If he tells you he doesn’t want to be in a relationship, or he has “commitment issues” or hates labels, just take it at face value and do yourself a favour and move on.
2. He doesn’t make an effort… ever
If he puts in the bare minimum when it comes to dates it means he doesn’t feel like you’re worth the effort. Are there exceptions? Sometimes. But even if a guy is jobless and broke and doesn’t have the money to take you out, he’ll find some sort of cheap and creative way to show you he cares.
If your dates consist of you going over to his place and watching a movie or you cooking for him, then he isn’t taking you or the relationship very seriously.
When a guy is invested in you and cares about you, he wants to go out of his way to impress you and show you he cares.

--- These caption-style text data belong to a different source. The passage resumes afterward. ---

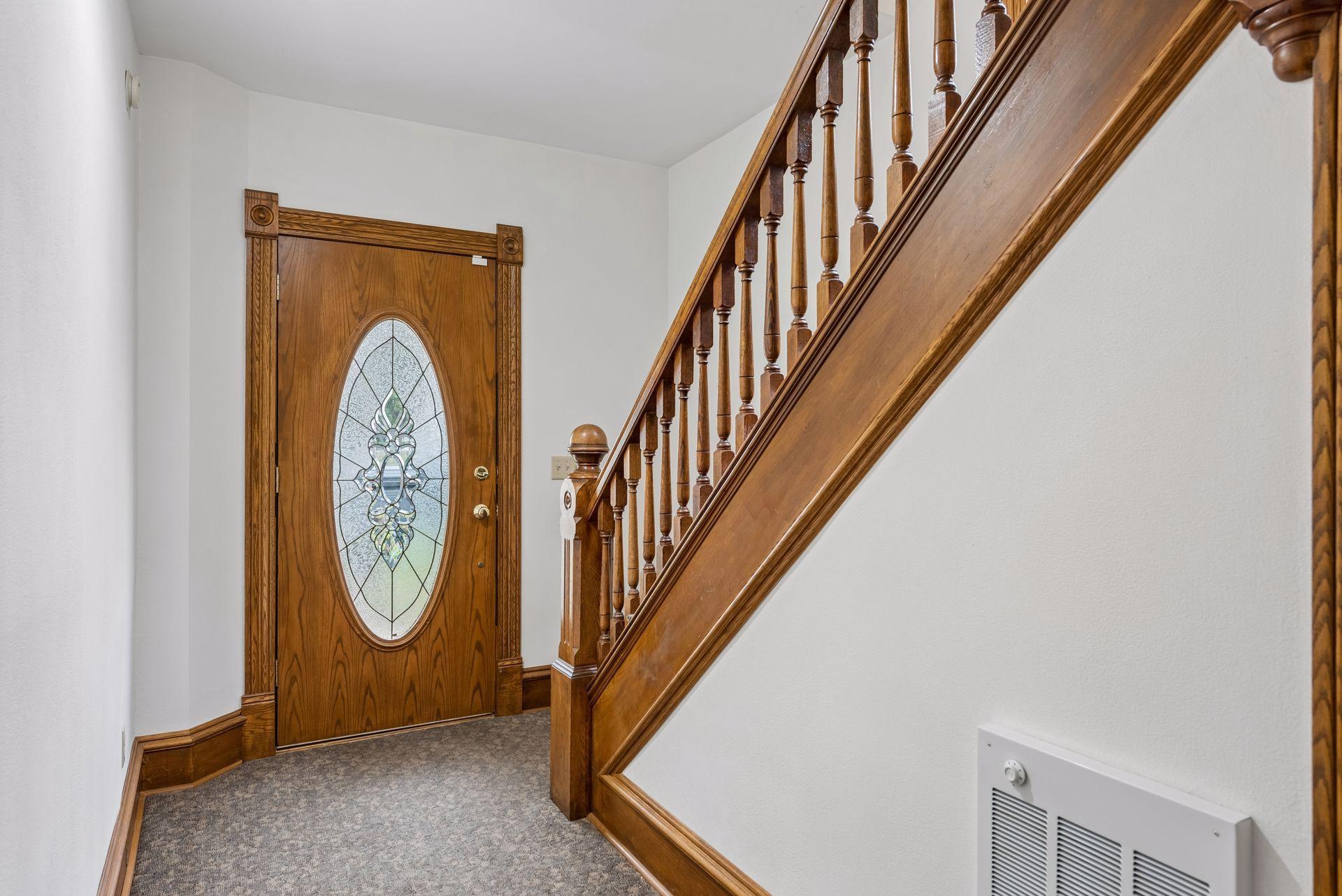 View of Residential Income at 727 Madison Street, Minneapolis MN 55413, Minneapolis (2 of 67) - Mike Wilen | Minnesota Team Real Estate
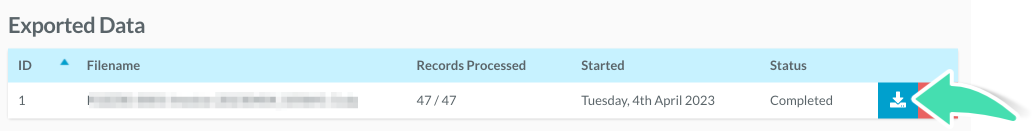 Bulk-Invoicing-Exported-Data.png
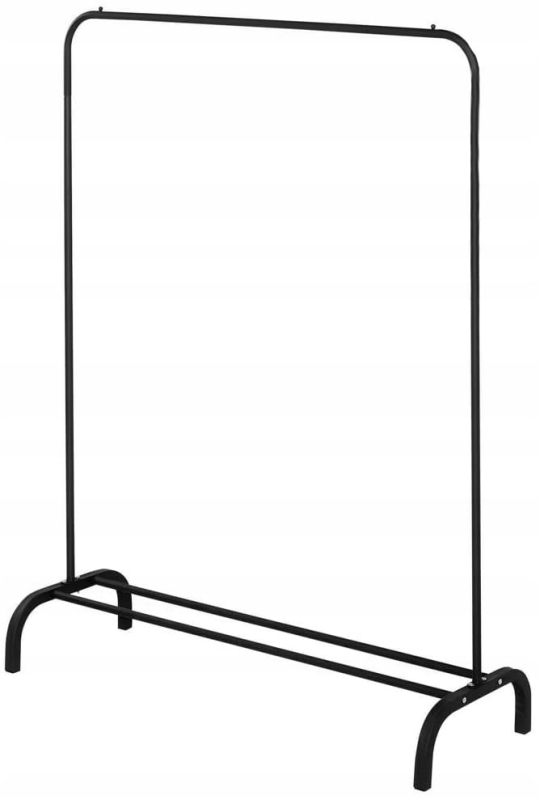 Wieszak-Stojak-Szafka-na-Ubrania-Stojacy-Buty-Podlogowy-Metalowy-Skladany-Kod-producenta-CH-224156.jpg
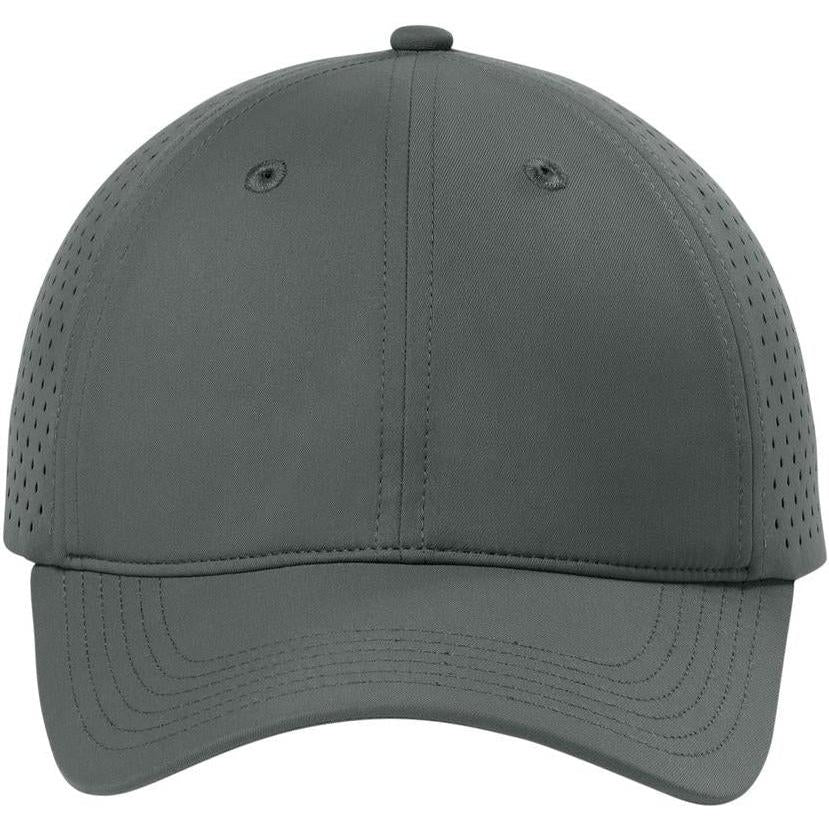 Port Authority All-Day Performance UPF Perforated Cap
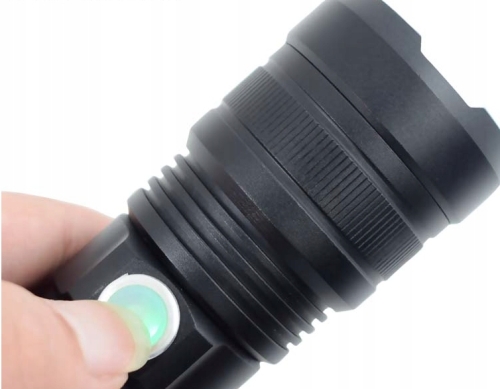 0285e8b945b893fc952d1d7a37c7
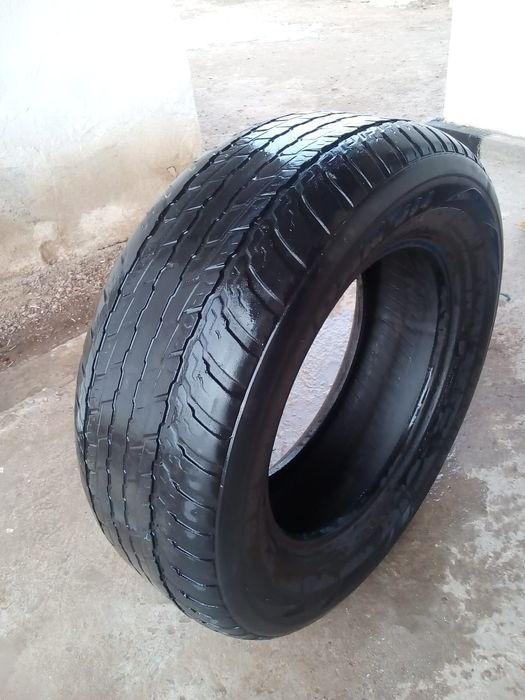 Шины автомобильные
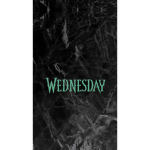 Wednesday black group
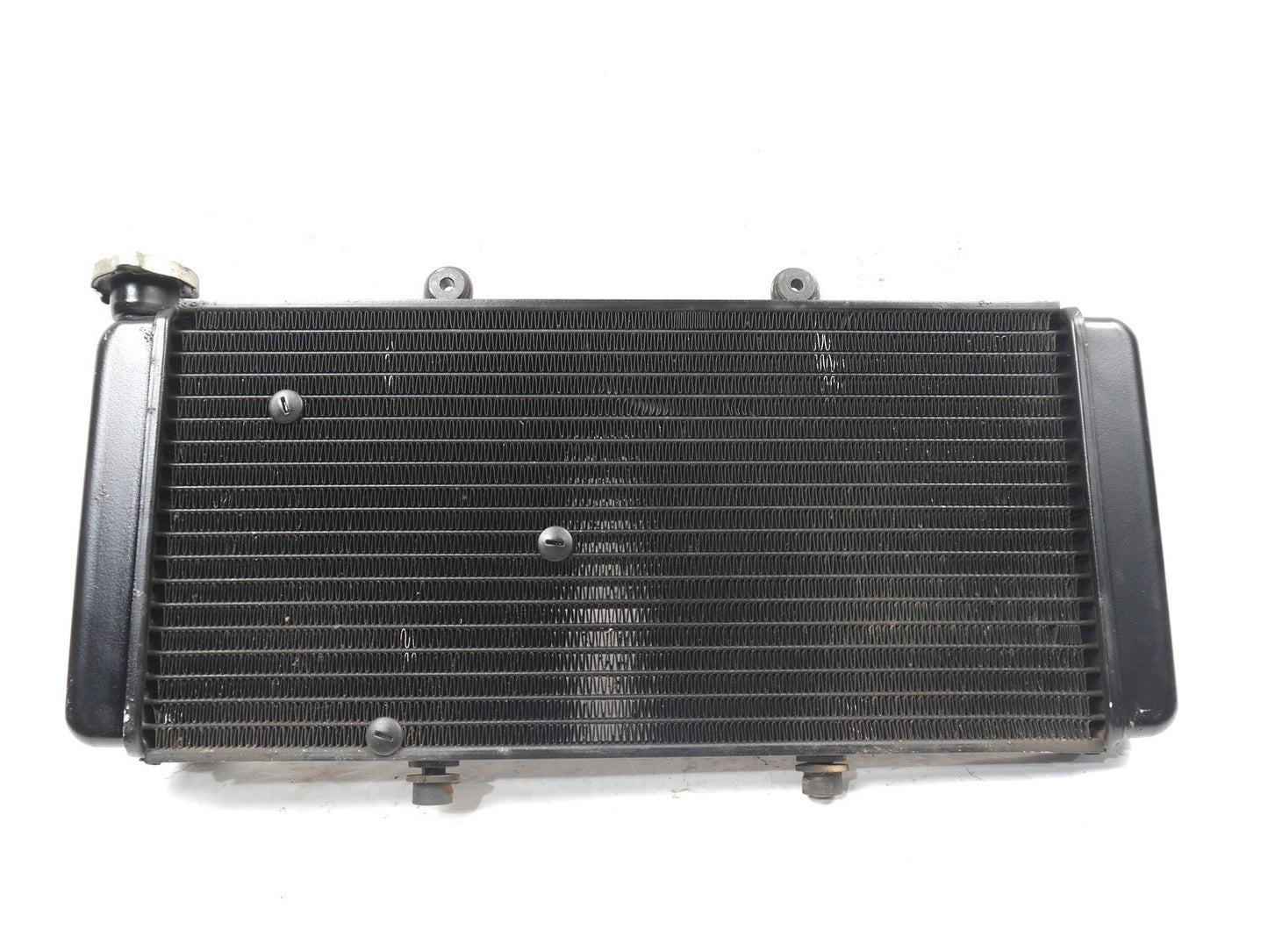 APRILIA CAPONORD ETV 1000 2001-2004 RADIATOR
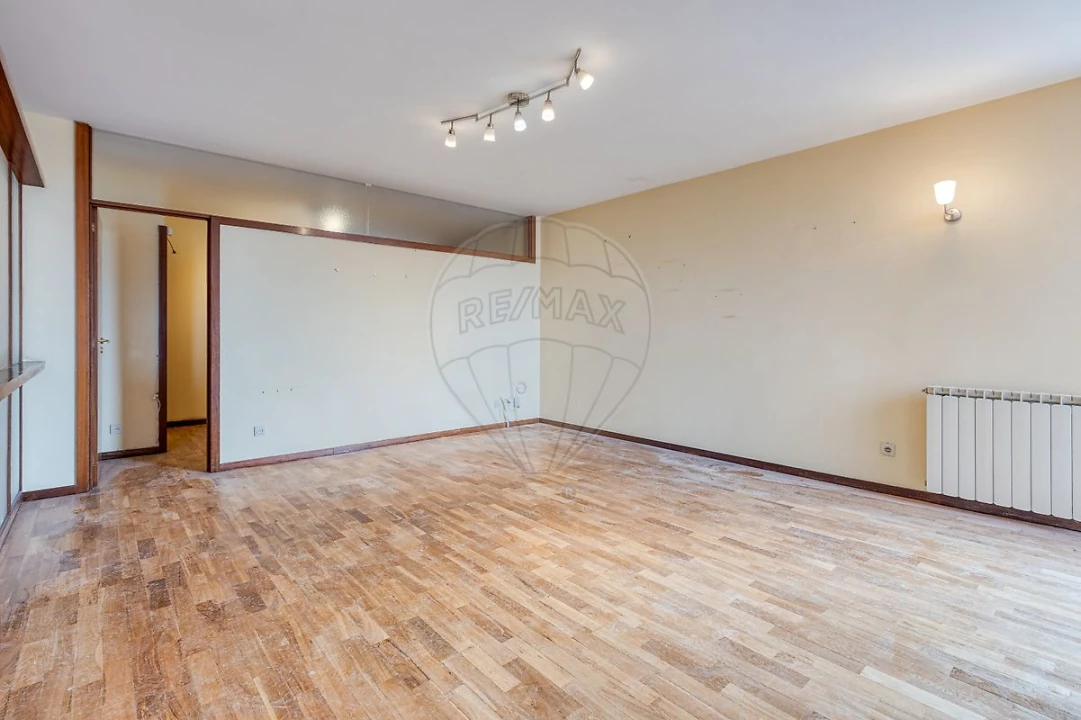 Apartamento T2 para Arrendamento em Santa Marinha e São Pedro da Afurada Foto 10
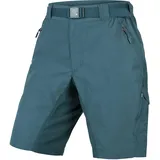 Endura Hummvee Short mit Innenhose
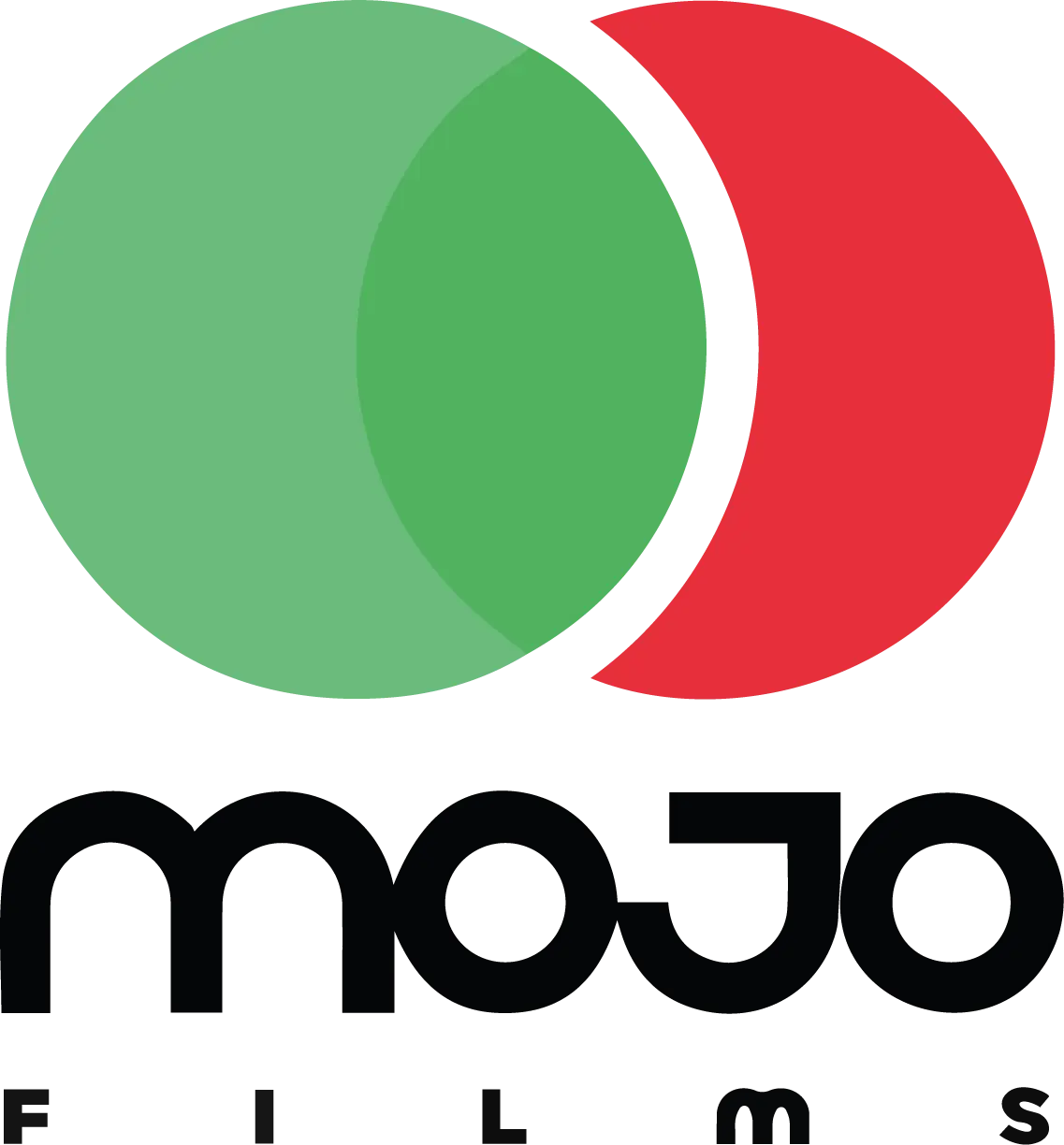 Mojo Films Mojo Films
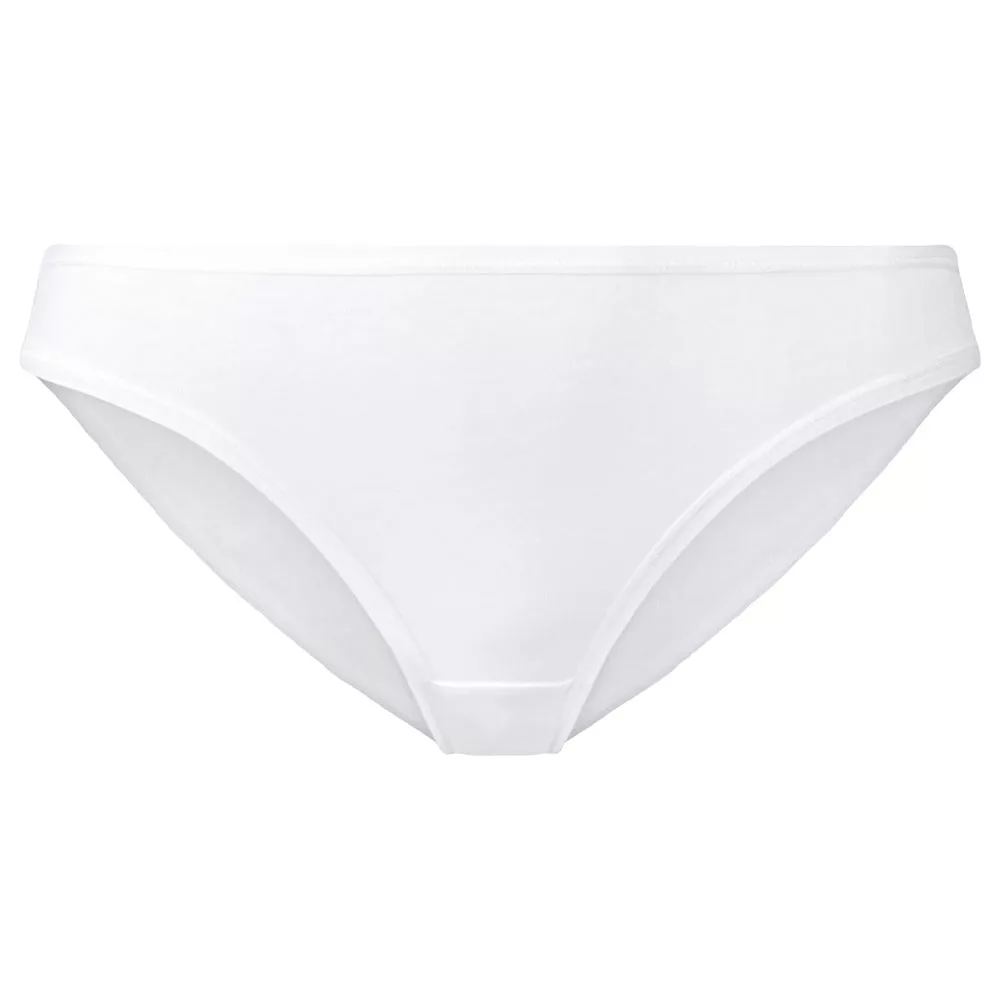 شورت زنانه اسمارا مدل مینی اسلیپ مجموعه 5 عددی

When a guy cares about a girl and sees a future with her, he wants to bring her into his world as much as possible. He wants to introduce her to the things he likes: movies, music, books, hobbies. These aren’t things that require much of a financial investment but they speak volumes about his level of emotional investment.
If you’re the only one making the effort to keep the spark alive and do special things, it’s a sign that he isn’t very invested in you.
3. He does a disappearing act on you, then makes out like it was no big deal
If a guy truly cares about you, he will want to make room for you in his life. Even if he has a lot going on and won’t be available for a few days, he’ll send a text or message to let you know he’s thinking about you.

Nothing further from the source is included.